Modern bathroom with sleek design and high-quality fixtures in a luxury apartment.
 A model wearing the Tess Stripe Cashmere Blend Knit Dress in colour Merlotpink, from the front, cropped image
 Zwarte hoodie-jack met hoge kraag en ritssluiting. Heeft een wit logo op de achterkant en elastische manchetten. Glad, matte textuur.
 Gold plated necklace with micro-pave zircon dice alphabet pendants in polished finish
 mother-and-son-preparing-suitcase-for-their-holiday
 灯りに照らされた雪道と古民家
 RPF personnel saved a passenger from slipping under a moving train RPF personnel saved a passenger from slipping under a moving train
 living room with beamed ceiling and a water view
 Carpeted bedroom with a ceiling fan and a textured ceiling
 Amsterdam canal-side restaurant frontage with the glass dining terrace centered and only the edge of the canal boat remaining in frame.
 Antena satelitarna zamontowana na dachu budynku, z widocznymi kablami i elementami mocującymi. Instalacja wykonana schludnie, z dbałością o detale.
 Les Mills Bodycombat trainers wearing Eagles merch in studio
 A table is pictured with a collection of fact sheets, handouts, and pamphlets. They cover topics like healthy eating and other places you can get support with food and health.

______________________________

**Exercise aim:** The lines to extract from the data above begin with the line containing "A model wearing" and end with the line containing "灯りに照らされた雪道と古民家". Extract them exactly, including both.

**The answer:**
 A model wearing the Tess Stripe Cashmere Blend Knit Dress in colour Merlotpink, from the front, cropped image
 Zwarte hoodie-jack met hoge kraag en ritssluiting. Heeft een wit logo op de achterkant en elastische manchetten. Glad, matte textuur.
 Gold plated necklace with micro-pave zircon dice alphabet pendants in polished finish
 mother-and-son-preparing-suitcase-for-their-holiday
 灯りに照らされた雪道と古民家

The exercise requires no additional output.